Pace interiore e amicizia con Dio
Nella sua omelia, il cardinale Fernando Vérgez Alzaga sottolinea poi che l’immenso amore di Pironio per Cristo “si trasformò in amore per i fratelli, affinché anche loro potessero sperimentare le ricchezze del Cuore divino”. Per questo “si fece tutto per tutti al fine di vegliare su di loro nella causa di Cristo”. Come “suo segretario personale a Roma per molti anni – ricorda ancora il delegato papale – ho sperimentato veramente la sua pace interiore, la sua profonda amicizia con Dio e il suo spirito di santità. È un fatto che hanno sperimentato tutti coloro che l’hanno incontrato e conosciuto”. Visse con eroismo, prosegue, le virtù della fede, la speranza, la carità, ma le interpretò “alla luce delle beatitudini, della mansuetudine, della misericordia e della purezza di cuore”.

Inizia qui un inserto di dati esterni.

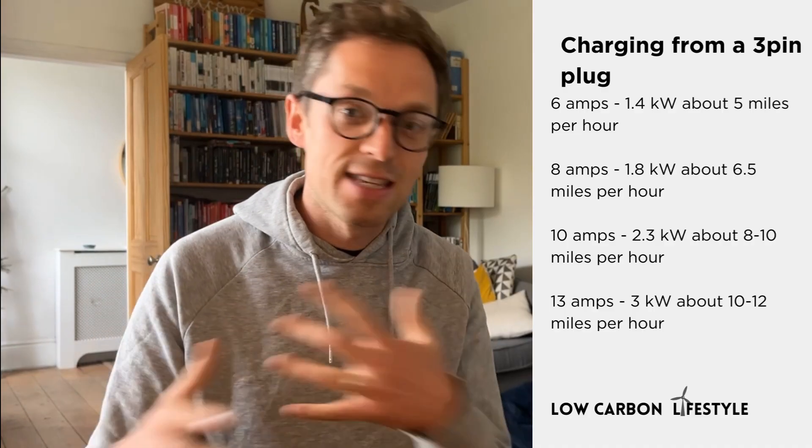First: it won't give us enough mileage. Well, on the Cosy Octopus tariff we get eight hours of low-cost electricity each day; on Octopus Go, five hours. Charging at these times would mean the cost to drive the car would be about three or four pence per mile, or less than £7.50 for a full battery of over 200 miles of range. The EV Dance charger gives us options to charge at different rates by changing the amps. As a minimum we could charge at 6 amps — around 1.4 kW or about 5.5 miles range per hour. At 8 amps, 1.8 kW or 6.5 miles per hour. At 10 amps, 2.3 kW, 8–10 miles per hour.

Le Gmg: missionari del Signore nel cuore della società
L’ultima parte dell’omelia è dedicata agli anni da presidente del Pontificio Consiglio per i Laici, dal 1984 al 1996: un servizio che il cardinal Pironio sviluppò “intorno a tre priorità: formazione, comunione e partecipazione, in profonda sintonia con san Giovanni Paolo II”. La sua attività pastorale e apostolica, ricorda Vérgez Alzaga, “si manifestò soprattutto nell’organizzazione e promozione dei laici, in particolare dei giovani e delle Giornate Mondiali della Gioventù”. Nel gennaio 1995, durante lo svolgimento della decima Gmg a Manila nelle Filippine, Pironio scriveva che “Oggi si tratta di scegliere di nuovo il Signore e impegnarci a servirlo: come missionari, nel cuore della società”.